Three production details every SSE endpoint needs:

  • Cache-Control: no-cache, no-transform — prevents middleboxes from buffering.
  • X-Accel-Buffering: no — nginx-specific; SSE through nginx without this hangs until the response ends.
  • Heartbeat — emit : keepalive\n\n every 15–30s so idle connections aren’t dropped by load balancers.

Server in Hono on Bun

import { Hono } from "hono";
import { streamSSE } from "hono/streaming";
import Anthropic from "@anthropic-ai/sdk";

const app = new Hono();
const anthropic = new Anthropic();

app.post("/chat", (c) => {
  const { message } = c.req.json();
  return streamSSE(c, async (stream) => {
    const resp = anthropic.messages.stream({
      model: "claude-sonnet-4-6",
      max_tokens: 1024,
      messages: [{ role: "user", content: await message }],
    });
    for await (const ev of resp) {
      if (ev.type === "content_block_delta") {
        await stream.writeSSE({
          data: JSON.stringify({ type: "token", content: ev.delta.text }),
        });
      }
    }
    await stream.writeSSE({ data: JSON.stringify({ type: "end" }) });
  });
});

streamSSE handles the headers, the framing, and the keepalive heartbeat. Three lines of business logic.

Server in Axum

use axum::{response::sse::{Event, KeepAlive, Sse}, routing::post, Router};
use futures::stream::{self, Stream};
use std::convert::Infallible;
use std::time::Duration;

async fn chat() -> Sse<impl Stream<Item = Result<Event, Infallible>>> {
    let stream = stream::iter(vec!["Hello", " world"])
        .map(|t| Ok(Event::default().data(t)));

    Sse::new(stream).keep_alive(
        KeepAlive::new()
            .interval(Duration::from_secs(15))
            .text("keepalive"),
    )
}

Axum’s first-class Sse type handles framing and keep-alive automatically.

Client side — EventSource

const es = new EventSource("/chat?prompt=hello");
es.onmessage = (e) => {
  const { type, content } = JSON.parse(e.data);
  if (type === "token") appendToken(content);
  if (type === "end") es.close();
};
es.onerror = (err) => {
  // EventSource auto-reconnects; only handle final-close cases here.
};

That’s it. No reconnection logic — the browser does it. No protocol negotiation. Auth via cookies, automatic.

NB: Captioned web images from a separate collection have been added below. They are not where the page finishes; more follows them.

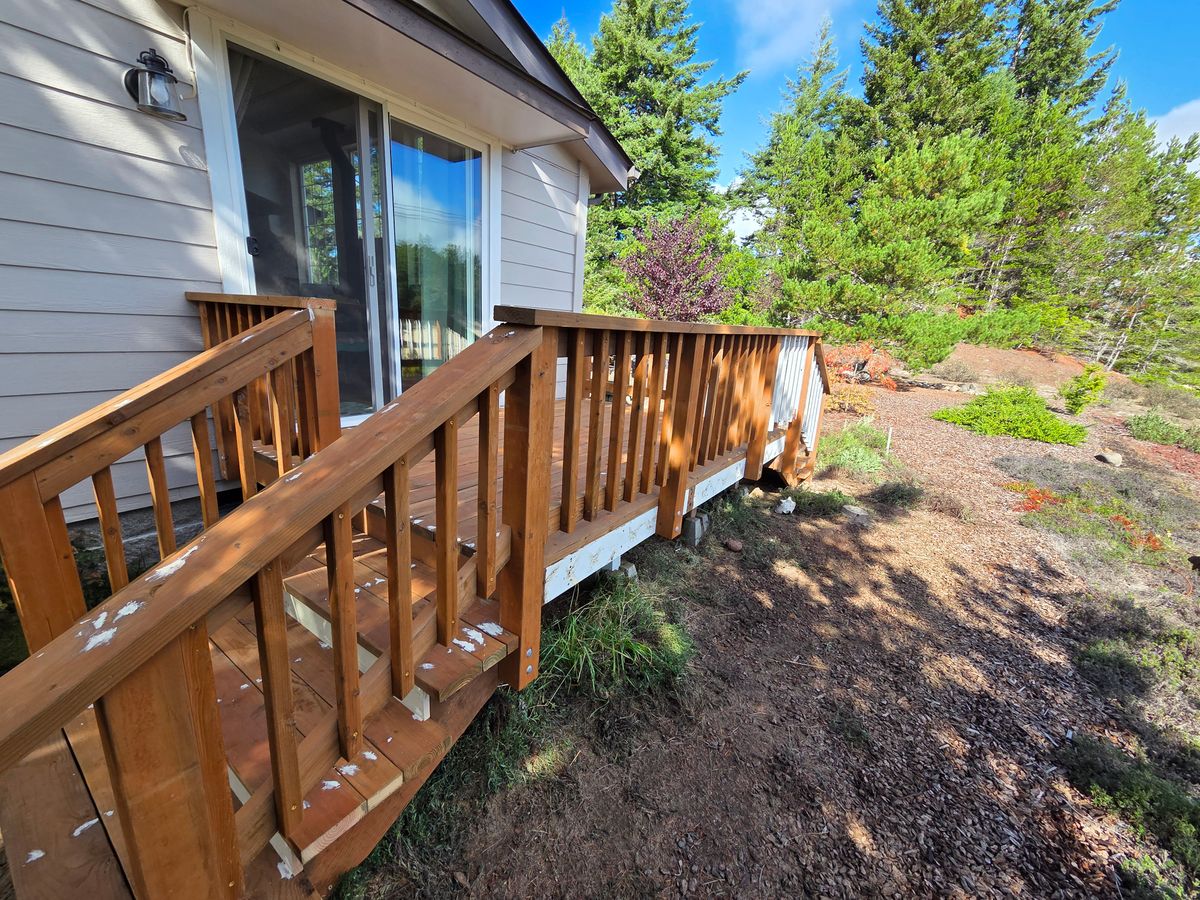Deck Installation for BTC Construction in Florence, OR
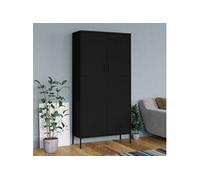 Garde robe Noir 90x50x180 cm Acier Noir G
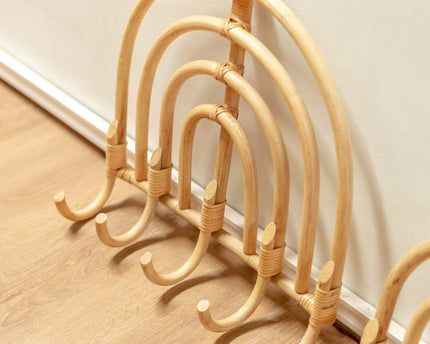 Rotan Kapstok Kapstokken Beige Wandhaken MAKU (2 maten)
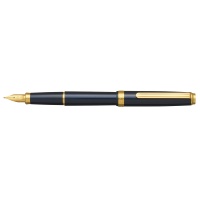 Pi&oacute;ro wieczne Platinum BISO Nebula Black F, w pudełku, czarne, Pi&oacute;ra, Artykuły do pisania i korygowania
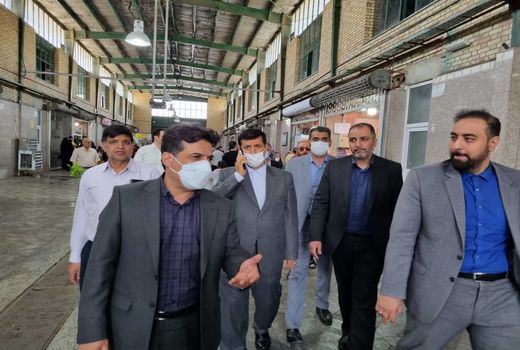 بازدید آقامیری از کشتارگاه‌ها و جایگاه‌های عرضه محصولات پروتئینی در میادین میوه و تره‌بار تهران و شهرری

For POST-style requests (which EventSource doesn’t support), use fetch with a streaming response:

const resp = await fetch("/chat", {
  method: "POST",
  headers: { "content-type": "application/json" },
  body: JSON.stringify({ message: "hi" }),
});
const reader = resp.body.getReader();
const decoder = new TextDecoder();
let buffer = "";
while (true) {
  const { value, done } = await reader.read();
  if (done) break;
  buffer += decoder.decode(value, { stream: true });
  const lines = buffer.split("\n");
  buffer = lines.pop()!;          // keep incomplete line
  for (const line of lines) {
    if (line.startsWith("data: ")) {
      const event = JSON.parse(line.slice(6));
      handle(event);
    }
  }
}

A bit more code than EventSource, but POST + body works.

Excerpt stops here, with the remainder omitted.